Świetny temat! U mnie to się zrobiło tak że zacząłem cenić gry, które nie marnują mojego czasu. Oczywiście można uznać że każda gra jest stratą czasu ale mi chodzi o tytuły, w których tracę progres po sesji lub nie rozwijam postaci/fabuły. Już od dawna unikam gier gdzie przepada mi to co wypracowałem podczas gameplayu. Dlatego obecnie odbijam się od tytułów, w których muszę zaczynać wszystko od początku.

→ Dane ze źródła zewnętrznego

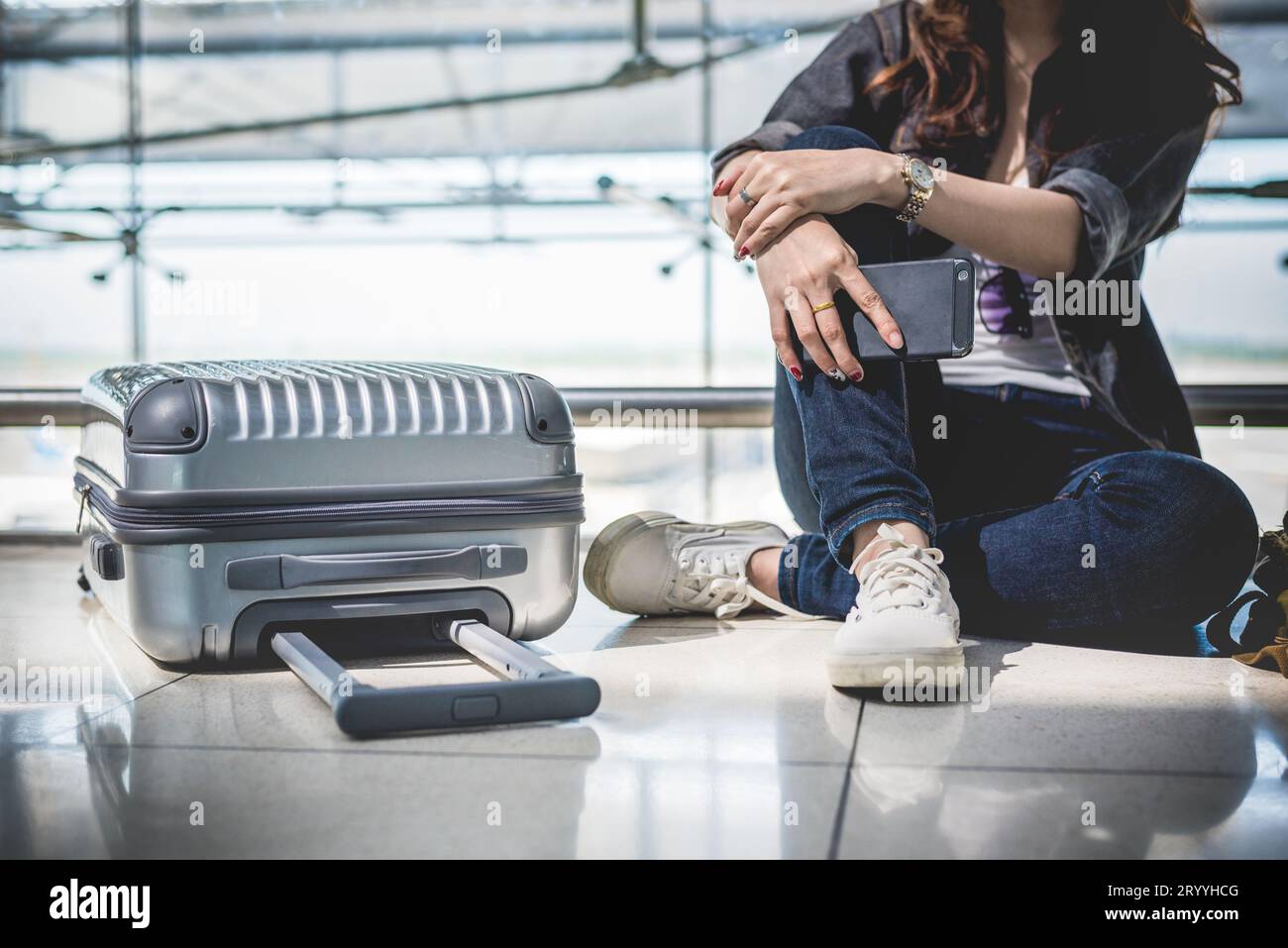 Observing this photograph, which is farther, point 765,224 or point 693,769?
point 765,224

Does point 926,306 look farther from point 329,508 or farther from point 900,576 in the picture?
point 329,508

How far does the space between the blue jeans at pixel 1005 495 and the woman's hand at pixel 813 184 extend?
55mm

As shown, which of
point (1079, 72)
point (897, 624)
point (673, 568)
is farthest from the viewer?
point (673, 568)

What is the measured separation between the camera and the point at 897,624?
950 mm

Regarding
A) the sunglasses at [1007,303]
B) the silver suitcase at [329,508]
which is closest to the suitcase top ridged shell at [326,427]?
the silver suitcase at [329,508]

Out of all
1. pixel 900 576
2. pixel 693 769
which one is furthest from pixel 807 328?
pixel 693 769

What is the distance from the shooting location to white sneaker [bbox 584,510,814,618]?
4.31 ft

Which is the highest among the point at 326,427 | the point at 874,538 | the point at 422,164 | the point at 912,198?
the point at 422,164

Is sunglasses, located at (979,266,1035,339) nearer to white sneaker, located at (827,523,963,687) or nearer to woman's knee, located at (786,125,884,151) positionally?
woman's knee, located at (786,125,884,151)

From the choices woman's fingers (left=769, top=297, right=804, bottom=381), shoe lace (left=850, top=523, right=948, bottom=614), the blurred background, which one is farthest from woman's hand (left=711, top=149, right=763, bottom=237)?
the blurred background

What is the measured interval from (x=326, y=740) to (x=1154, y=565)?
0.80 m

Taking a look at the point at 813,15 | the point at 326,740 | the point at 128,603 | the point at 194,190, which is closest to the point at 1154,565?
the point at 326,740

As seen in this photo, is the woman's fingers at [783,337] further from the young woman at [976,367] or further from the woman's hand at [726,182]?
the woman's hand at [726,182]

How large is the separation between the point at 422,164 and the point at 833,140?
16.3ft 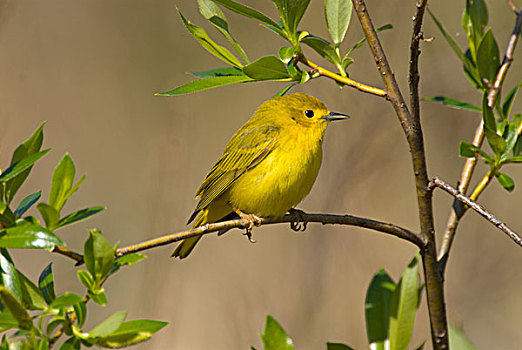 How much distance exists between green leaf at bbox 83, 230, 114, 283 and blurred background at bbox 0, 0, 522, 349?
1850 mm

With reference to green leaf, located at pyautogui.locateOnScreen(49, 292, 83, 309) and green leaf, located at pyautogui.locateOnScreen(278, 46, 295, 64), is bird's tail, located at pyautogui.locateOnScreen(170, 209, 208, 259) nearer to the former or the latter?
green leaf, located at pyautogui.locateOnScreen(278, 46, 295, 64)

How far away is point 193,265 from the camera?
5.27 meters

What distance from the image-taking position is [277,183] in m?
2.67

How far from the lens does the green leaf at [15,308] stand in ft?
3.29

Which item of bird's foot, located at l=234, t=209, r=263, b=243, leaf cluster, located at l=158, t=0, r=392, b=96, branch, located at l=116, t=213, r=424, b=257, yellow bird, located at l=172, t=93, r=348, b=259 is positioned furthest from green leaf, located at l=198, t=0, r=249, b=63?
yellow bird, located at l=172, t=93, r=348, b=259

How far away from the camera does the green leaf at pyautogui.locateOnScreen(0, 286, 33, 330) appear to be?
1002mm

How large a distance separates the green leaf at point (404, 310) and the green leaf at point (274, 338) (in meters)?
0.25

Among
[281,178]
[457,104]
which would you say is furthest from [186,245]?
[457,104]

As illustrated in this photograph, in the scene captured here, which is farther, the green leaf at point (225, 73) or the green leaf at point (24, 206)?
the green leaf at point (225, 73)

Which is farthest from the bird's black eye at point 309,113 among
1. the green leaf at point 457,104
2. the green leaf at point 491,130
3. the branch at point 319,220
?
the green leaf at point 491,130

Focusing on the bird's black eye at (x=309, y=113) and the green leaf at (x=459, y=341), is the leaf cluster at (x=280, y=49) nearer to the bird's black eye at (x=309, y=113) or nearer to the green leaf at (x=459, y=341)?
the green leaf at (x=459, y=341)

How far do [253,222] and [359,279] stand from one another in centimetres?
206

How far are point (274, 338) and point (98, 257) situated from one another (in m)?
0.45

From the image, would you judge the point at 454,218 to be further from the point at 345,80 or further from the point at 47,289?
the point at 47,289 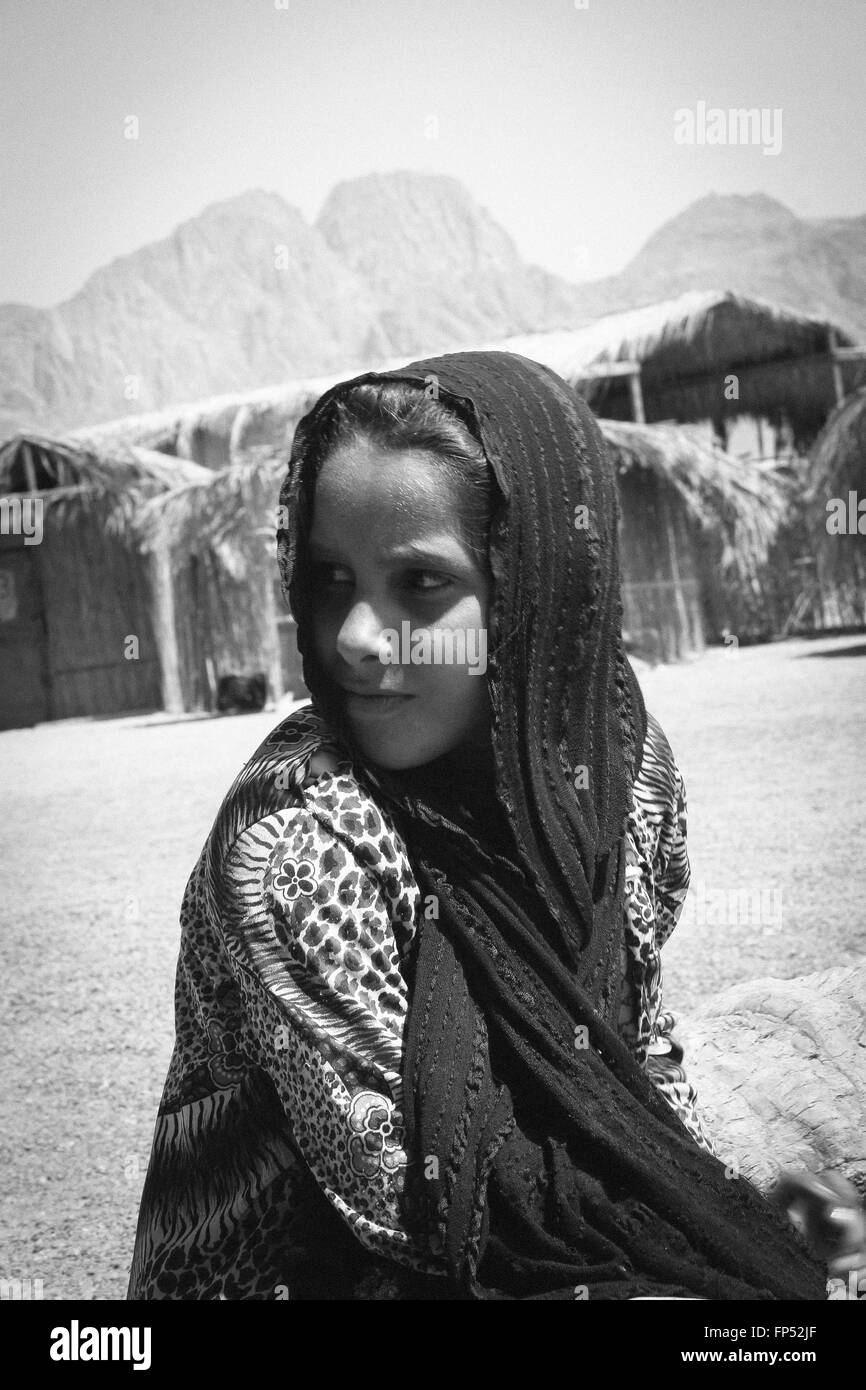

To nie czasy gdy się było dzieciakiem i podchodziło kilkaset razy do Dizzy'ego ze Złotej Piątki na Pegasusie aby w końcu przejechać kopalnianym wózkiem do końca trasy, zebrać te cholerne 100gwiazdek, przejść wieżę Zaksa i zobaczyć jednoobrazkowe zakończenie. Kiedyś takie gry były dla mnie ok ale dziś już nie. Inny rodzaj gier jakich unikam to online. Granie online było zabawne kilka lat temu ale przejadło mi się przez zjebaną politykę w niektórych tytułach i nerfy postaci, które budowałem przez wiele miesięcy. Tak samo gry z mechaniką automatycznej porażki w momencie wywalenia z online (patrz Everybody's Golf, Fify) gdzie nawet jak masz dobry mecz lub rozgrywkę na -20 na mistrzostwach w golfie i przy crashu serwera całe te starania idą w pizdu. Czyli kolejny raz zmarnowany czas. Zdecydowanie preferuję gry open world, rpg, jrpg, ciekawe survivale a inne gatunki jak rogaliki czy online pvp nie za bardzo mi już podchodzą.